Brooke: I think the biggest mistake is the lack of empathy.
You're a consumer. I'm a consumer. We probably use social media. I think we both saw the cases when the brands simply ignore social requests. The biggest mistake is just not answering. There are still companies that do not answer messages on social. And I think that's a huge mistake.
Customer care If you do it strategically covers both acquisition and retention. And knowing that it's very hard to get loyalty and trust that would be the first place I would start. If I had any sort of marketing and sales budget, this is where I would put it first and foremost because without customers you don't have a business.
How social listening saved a luxury product
Anna: Do you have an example of social listening working for social customer care? Maybe from your own practice.
Brooke: Yes, actually I do! We work with a global luxury appliance brand. I can't mention them by name due to the non-disclosure agreement but they released a very expensive coffee machine. Obviously, we started monitoring this product through social listening because we wanted to see how people were talking about it.
As you know, part of what social listening does is that it gives you the sentiment analysis of online conversations. It analyzes whether the social mentions are positive, negative, or neutral.
Surprisingly, we saw a lot of negative sentiment happening with this new product so we wanted to dig in and go look at all of the negative mentions. You can kind of slice and dice the data. We looked at just the negative mentions and we looked at the word clouds and we saw people saying they had a hard time understanding how to change the coffee filter in this very expensive machine.

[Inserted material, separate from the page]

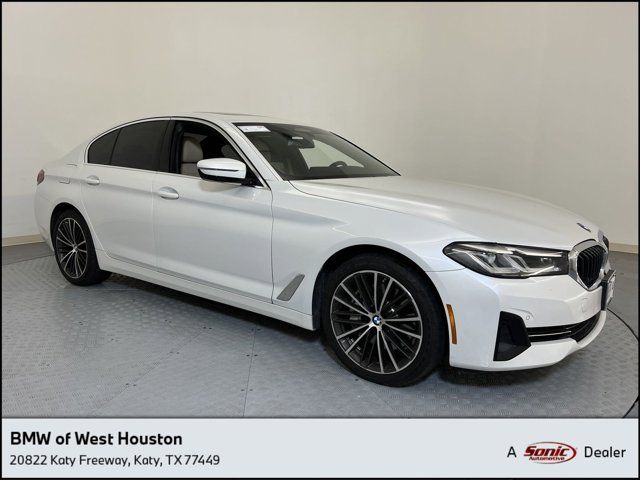 2022 BMW 5 Series 540i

So we went back to the client and we said: "People are having a really hard time figuring out how to change the coffee filter. So you're having a lot of negative chatter happen online, which is obviously not good for this new product." So our suggestion was for them to make a video showing people how to change this coffee filter. And then we could go back to all of these people who had the negative conversation as the brand and say: "Hey, have you seen this video on how to do this?"
What's the first thing people do when they have a problem, they Google it, right? So that little piece of the video also helps with the search and then the chatter does
Over six months we noticed that not only did negative chatter go down, positive chatter went up, which is exactly what you want to see as a brand manager. Because when people are talking positively about this very expensive coffee machine on social media, their peer-to-peer recommendations might entice someone else to also buy it.

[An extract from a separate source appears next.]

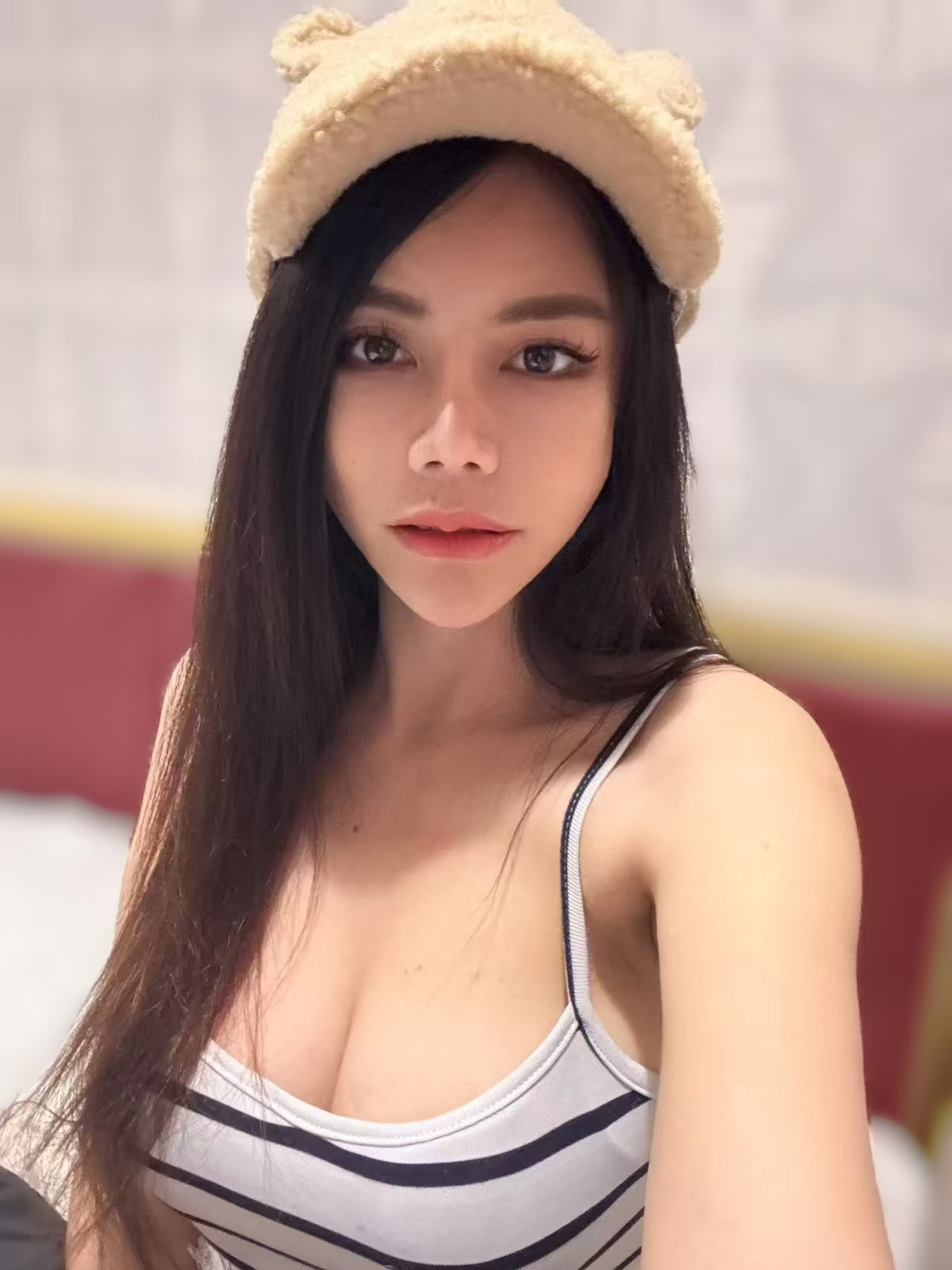 Escort Gallery Image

Three tips for amazing customer support
Anna: So to round this up, what are the top three rules or tips for businesses when it comes to social customer care?

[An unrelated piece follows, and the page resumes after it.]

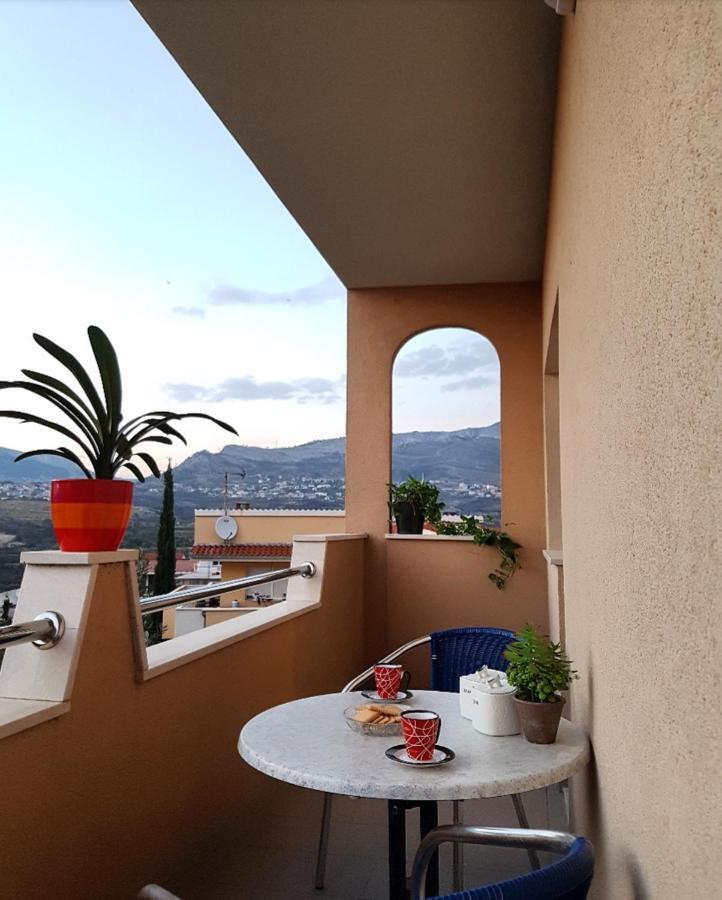 Villa Ana Maria Kamen Bagian luar foto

Brooke: I think the first thing small brands should do is go out there, and take look at your channels. Where do you have a presence? Do an audit of each one of those channels and see how many requests are coming through. Quantify what's coming through and try to understand the volume.
Then if you see that there's a lot of chatter happening on Facebook let's say, then, moving forward, you should assign someone on your team to manage that part of Facebook and make sure that they understand how to document questions that are asked, how to answers to those questions, what's the process if somebody wants a refund, and so on.
Sometimes people who manage social are not the best in customer support. But the customers don't care — they are contacting the company because they are in a crisis situation and want help. Find the right person and make sure that they answer very quickly and that they answer with empathy. These are the most important things when it comes to customer care: speed, empathy, making sure you don't leave customers hanging.
All in all, start with the audit, understand what you have coming in and see if there's a need for doing customer care through social. Then set up the processes for getting that handled because you don't want to be quiet. That's what we just said — the number one mistake, you don't want to leave people hanging.